Your objective:
The lines to be extracted begin at the line containing "India Russia Flag Heart" and end at the last line of the data below; copy them exactly and leave out the pictures.

Available records:
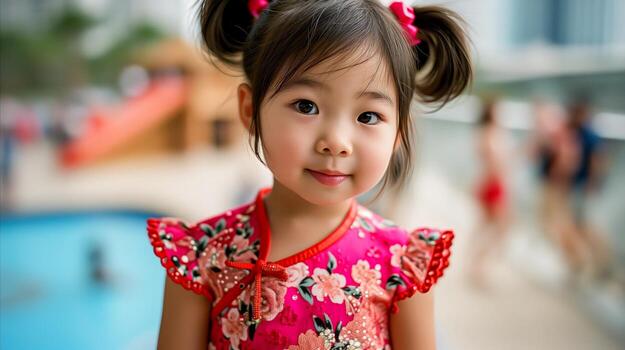 AI generated A young chinese girl standing in front of a pool. Generative AI photo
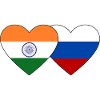 India Russia Flag Heart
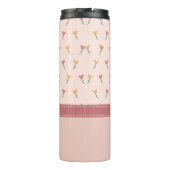 Girly Pastel Peach Heart Flower Pattern & Monogram Thermosbeker (Achterkant)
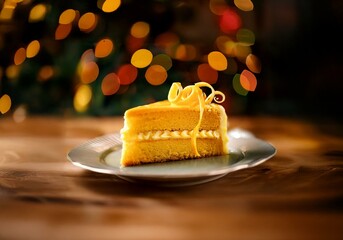 Poster - A slice of cake with orange zest and a creamy filling sits on a white plate against a blurred background of warm lights.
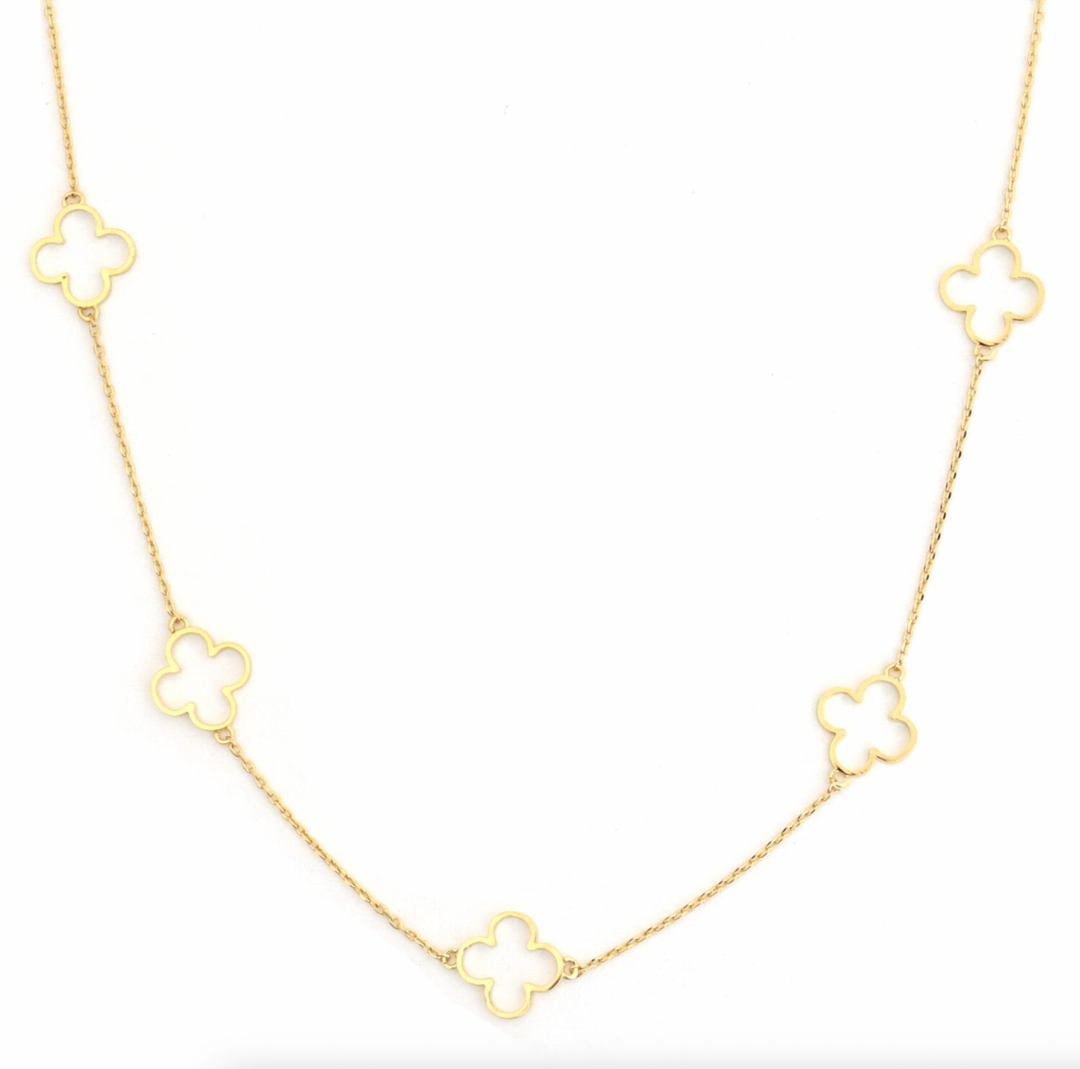 Quinn - Clover Pendant Chain Necklace (Gold)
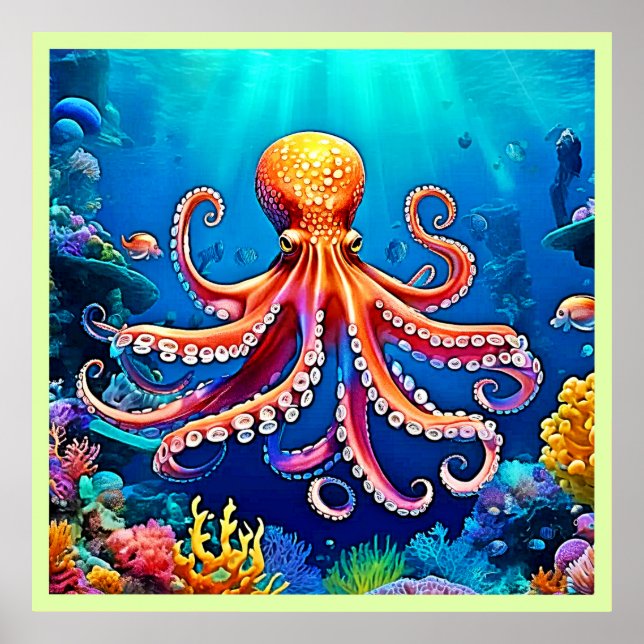 Schöne Unterwasserwelt Octopus Art Poster (Vorne)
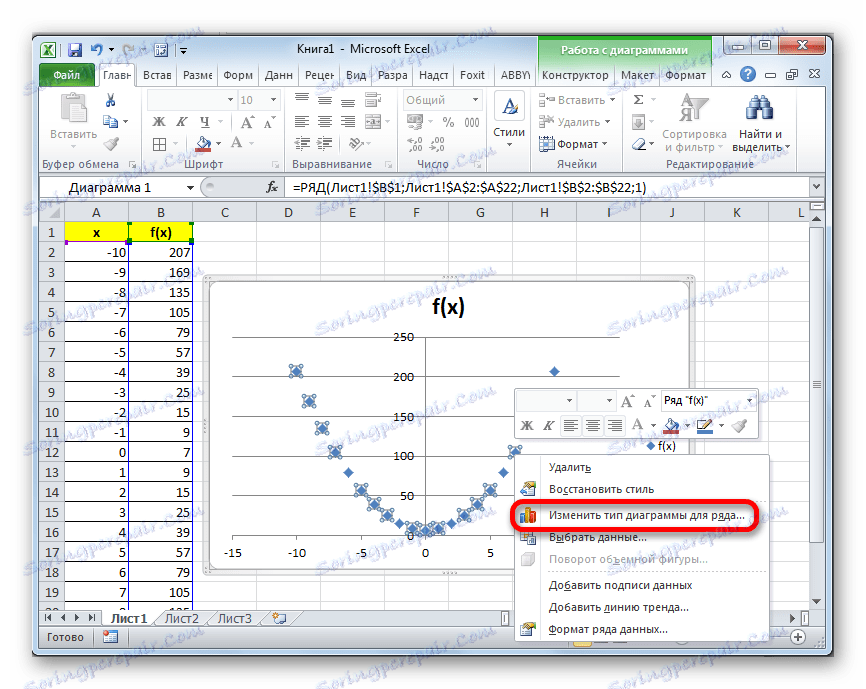 Přepněte na změnu typu grafu v aplikaci Microsoft Excel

Result below:
 India Russia Flag Heart
 Girly Pastel Peach Heart Flower Pattern & Monogram Thermosbeker (Achterkant)
 Poster - A slice of cake with orange zest and a creamy filling sits on a white plate against a blurred background of warm lights.
 Quinn - Clover Pendant Chain Necklace (Gold)
 Schöne Unterwasserwelt Octopus Art Poster (Vorne)
 Přepněte na změnu typu grafu v aplikaci Microsoft Excel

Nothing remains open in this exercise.